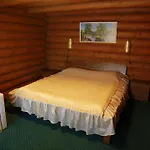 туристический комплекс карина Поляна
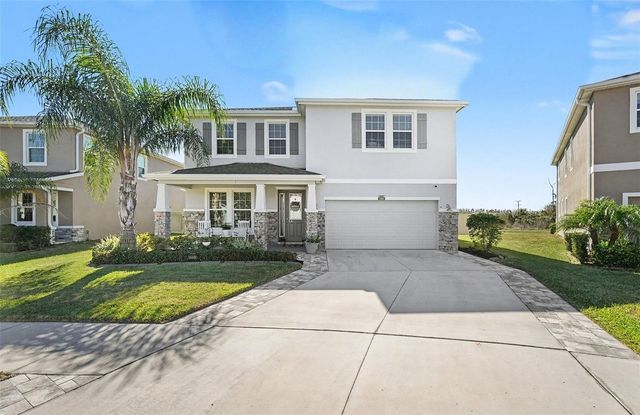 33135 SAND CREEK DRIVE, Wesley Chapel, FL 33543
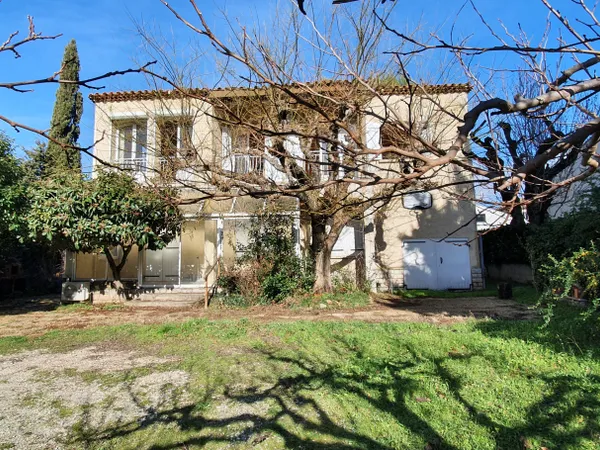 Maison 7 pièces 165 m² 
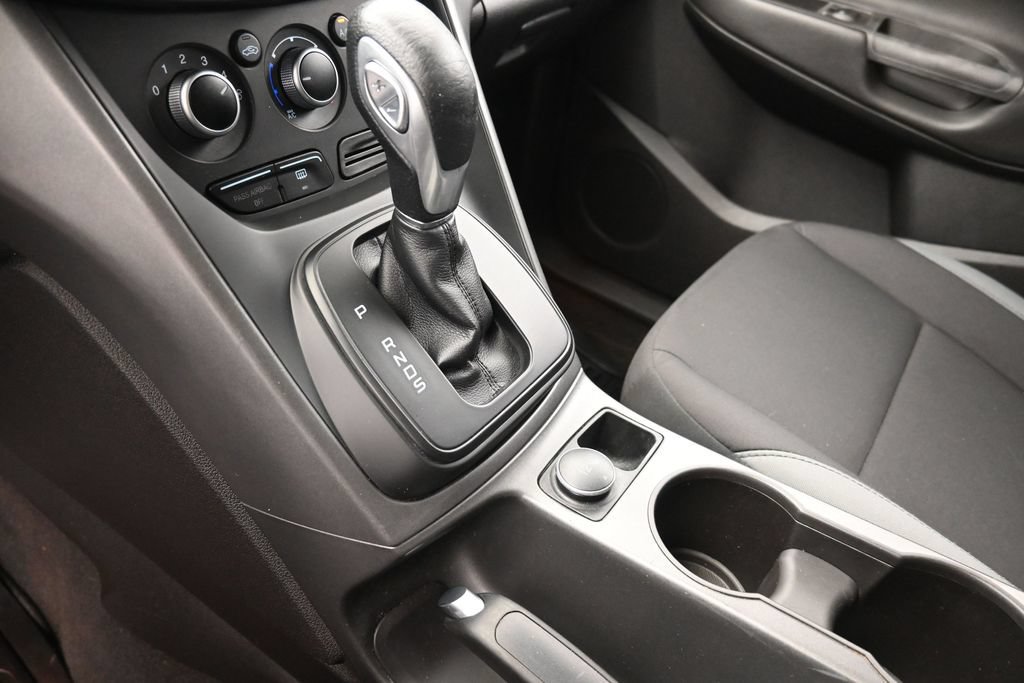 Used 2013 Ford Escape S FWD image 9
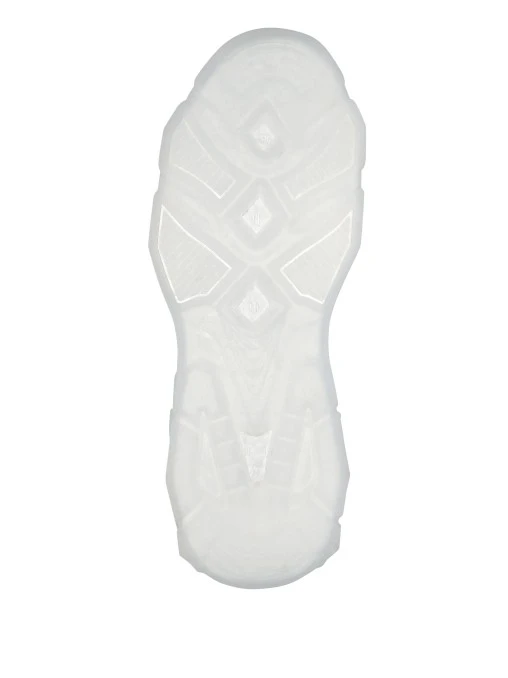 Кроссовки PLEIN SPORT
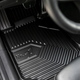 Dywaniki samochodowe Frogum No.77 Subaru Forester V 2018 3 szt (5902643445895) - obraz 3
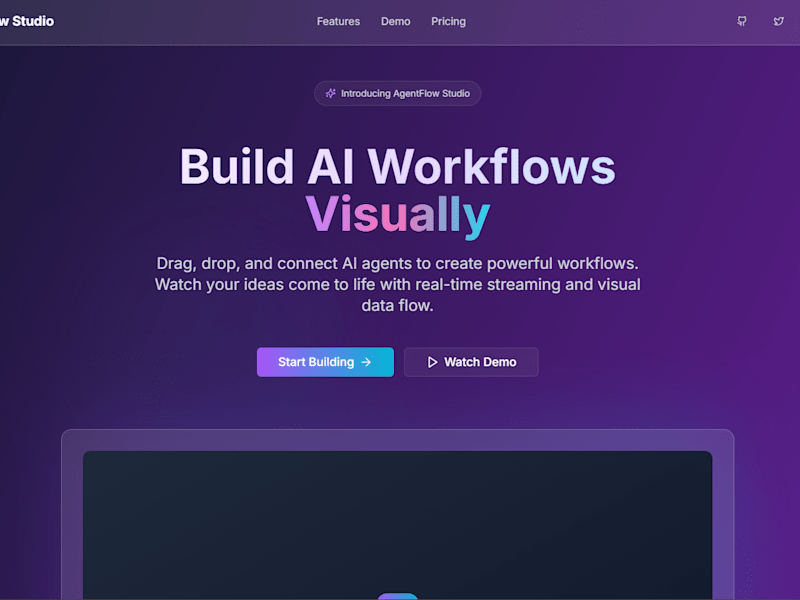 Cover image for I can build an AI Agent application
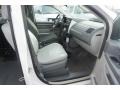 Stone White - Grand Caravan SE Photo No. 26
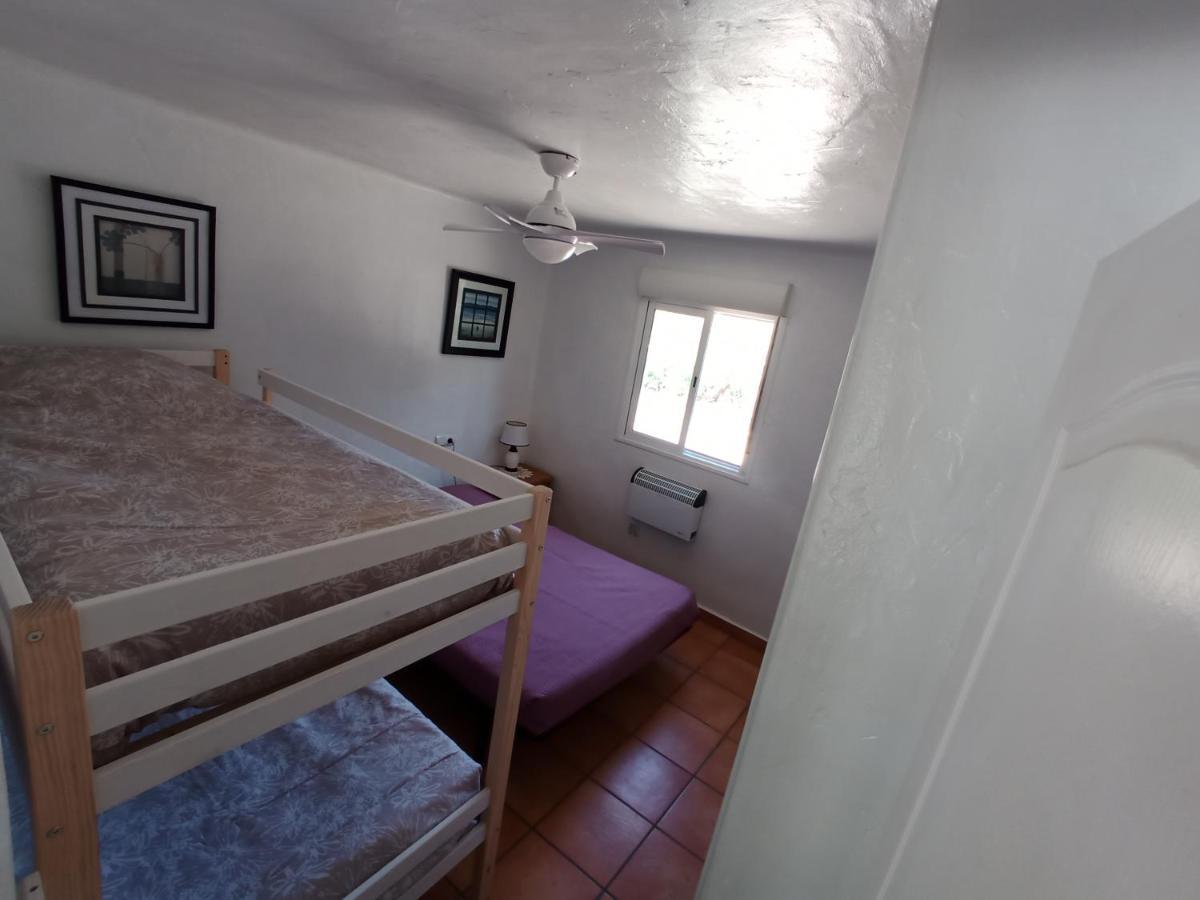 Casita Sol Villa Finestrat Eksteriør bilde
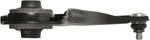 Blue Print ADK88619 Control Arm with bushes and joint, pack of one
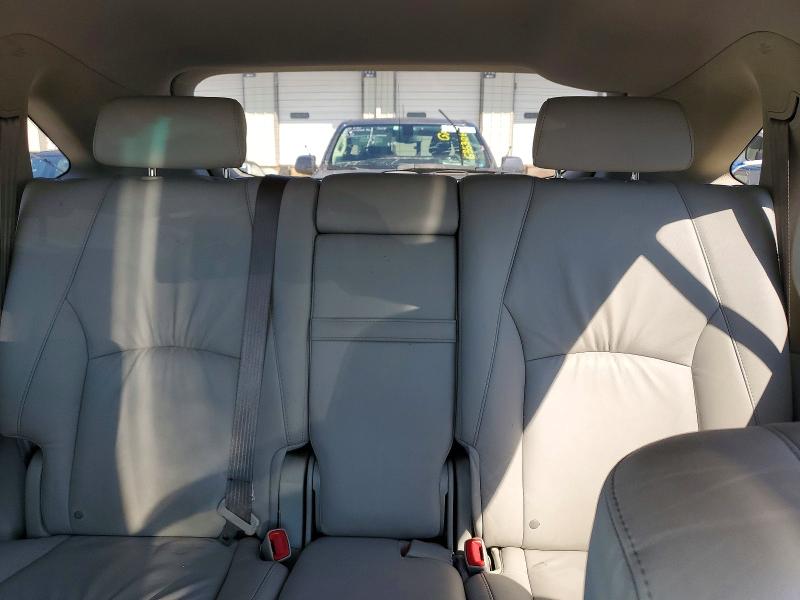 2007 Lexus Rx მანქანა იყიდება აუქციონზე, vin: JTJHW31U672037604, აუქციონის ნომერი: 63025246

----------------------------------------

**WORK ORDER**
Return all of the material above unchanged, minus its pictures.

**OUTPUT OF THE TASK**
 туристический комплекс карина Поляна
 33135 SAND CREEK DRIVE, Wesley Chapel, FL 33543
 Maison 7 pièces 165 m² 
 Used 2013 Ford Escape S FWD image 9
 Кроссовки PLEIN SPORT
 Dywaniki samochodowe Frogum No.77 Subaru Forester V 2018 3 szt (5902643445895) - obraz 3
 Cover image for I can build an AI Agent application
 Stone White - Grand Caravan SE Photo No. 26
 Casita Sol Villa Finestrat Eksteriør bilde
 Blue Print ADK88619 Control Arm with bushes and joint, pack of one
 2007 Lexus Rx მანქანა იყიდება აუქციონზე, vin: JTJHW31U672037604, აუქციონის ნომერი: 63025246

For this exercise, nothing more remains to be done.